A legal spat over copyright may result in AUM Shinrikyo being banned from using its own name or logo, following steps taken Tuesday by the cult's chief receiver.
Saburo Abe, the head receiver of the bankrupt religious organization, sent a warning letter to Tatsuko Muraoka, the cult's deputy chief representative, ordering the cult to stop using the AUM Shinrikyo name and logo - symbols that have struck terror in the hearts of some and continue to do so with rumors abounding of the cult's resurgence.
Abe's letter argued that copyright to the name AUM Shinrikyo belongs to lawyers who are trustees of the cult, and that the resurrected AUM organization - nonreligious in theory - is breaching copyright by calling itself AUM Shinrikyo.
Abe says that if the current incarnation of AUM refuses to abide by his demand, the trustees will take the organization to court.
AUM's activities would, at least superficially, be seriously curtailed if the cult were banned from using the name and logo, as well as publishing books written by its guru, Shoko Asahara.

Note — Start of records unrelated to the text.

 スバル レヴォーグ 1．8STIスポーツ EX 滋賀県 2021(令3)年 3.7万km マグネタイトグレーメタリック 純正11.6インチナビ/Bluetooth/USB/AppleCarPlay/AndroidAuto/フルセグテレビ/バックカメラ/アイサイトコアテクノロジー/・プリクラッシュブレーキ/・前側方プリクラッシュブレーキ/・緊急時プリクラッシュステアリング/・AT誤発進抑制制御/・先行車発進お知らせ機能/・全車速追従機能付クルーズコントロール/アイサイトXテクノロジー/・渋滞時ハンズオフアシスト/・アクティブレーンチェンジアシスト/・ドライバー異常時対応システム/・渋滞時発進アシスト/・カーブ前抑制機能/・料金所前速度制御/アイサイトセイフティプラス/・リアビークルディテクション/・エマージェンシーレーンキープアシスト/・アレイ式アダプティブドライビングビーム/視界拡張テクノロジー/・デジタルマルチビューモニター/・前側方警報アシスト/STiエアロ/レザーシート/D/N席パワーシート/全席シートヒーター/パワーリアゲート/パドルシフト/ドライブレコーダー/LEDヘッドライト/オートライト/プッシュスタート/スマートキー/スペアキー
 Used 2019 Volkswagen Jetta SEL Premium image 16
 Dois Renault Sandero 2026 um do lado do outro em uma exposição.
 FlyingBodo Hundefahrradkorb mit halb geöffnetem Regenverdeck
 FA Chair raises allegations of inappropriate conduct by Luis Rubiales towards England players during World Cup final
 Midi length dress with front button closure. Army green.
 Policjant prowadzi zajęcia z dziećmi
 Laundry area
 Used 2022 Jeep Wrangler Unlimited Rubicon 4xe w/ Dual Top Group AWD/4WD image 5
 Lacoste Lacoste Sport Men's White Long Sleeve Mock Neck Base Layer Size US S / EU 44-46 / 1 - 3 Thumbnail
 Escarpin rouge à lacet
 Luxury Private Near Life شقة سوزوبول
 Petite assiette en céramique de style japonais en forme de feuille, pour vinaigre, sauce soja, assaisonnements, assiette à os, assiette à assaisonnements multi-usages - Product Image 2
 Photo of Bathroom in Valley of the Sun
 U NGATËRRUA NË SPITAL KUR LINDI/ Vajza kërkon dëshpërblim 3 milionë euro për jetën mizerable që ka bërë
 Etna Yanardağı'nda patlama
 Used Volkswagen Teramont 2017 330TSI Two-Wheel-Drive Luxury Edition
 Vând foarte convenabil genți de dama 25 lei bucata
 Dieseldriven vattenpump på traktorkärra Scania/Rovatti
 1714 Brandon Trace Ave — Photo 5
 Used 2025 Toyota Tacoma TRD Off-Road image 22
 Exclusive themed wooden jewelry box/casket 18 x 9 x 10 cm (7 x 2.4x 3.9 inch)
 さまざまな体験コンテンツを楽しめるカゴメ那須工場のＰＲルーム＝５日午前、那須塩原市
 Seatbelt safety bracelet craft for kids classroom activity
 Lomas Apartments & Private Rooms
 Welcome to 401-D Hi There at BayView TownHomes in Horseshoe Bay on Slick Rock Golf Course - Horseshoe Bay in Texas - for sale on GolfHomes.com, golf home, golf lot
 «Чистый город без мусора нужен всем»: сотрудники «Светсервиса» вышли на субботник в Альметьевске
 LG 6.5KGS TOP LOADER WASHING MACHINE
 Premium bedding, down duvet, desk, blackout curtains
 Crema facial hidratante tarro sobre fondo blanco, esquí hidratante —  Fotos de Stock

The Tokyo District Court declared the doomsday cult bankrupt in March 1996, after it found the sect unable to foot compensation payments it was responsible for making to thousands of victims of its alleged gas attacks on the capital's subways and in Matsumoto, Nagano Prefecture.
In the Matsumoto sarin-gas attack in June 1994, seven people lost their lives and nearly 600 were injured. Twelve people were killed and over 5,500 were wounded in the Tokyo subway gas attack the following year.
Following the decision, the cult lost its status as a religious body, which had hightened its taxation requirements. Its remaining assets, including the copyright materials, were placed under the control of the trustees.
Recently, however, a resurgent AUM has started to organize seminars and publish books written by Asahara, who is charged with instigating the poison-gas attacks and other serious crimes.
Many of the cult's victims, who are also its creditors, are outraged by the apparent resurrection of the cult. The trustees reached the decision to demand the ban after consulting with the Tokyo District Prosecutors' Office.
It is not normal practice for a trustee to stake a claim for copyright on materials held by a bankrupt body, as such a move rarely proves to be lucrative.
Several Diet members, organizations and local activist groups have urged that the cult be formally banned in the wake of its phoenixlike revival in recent months, but all such action has been to no avail.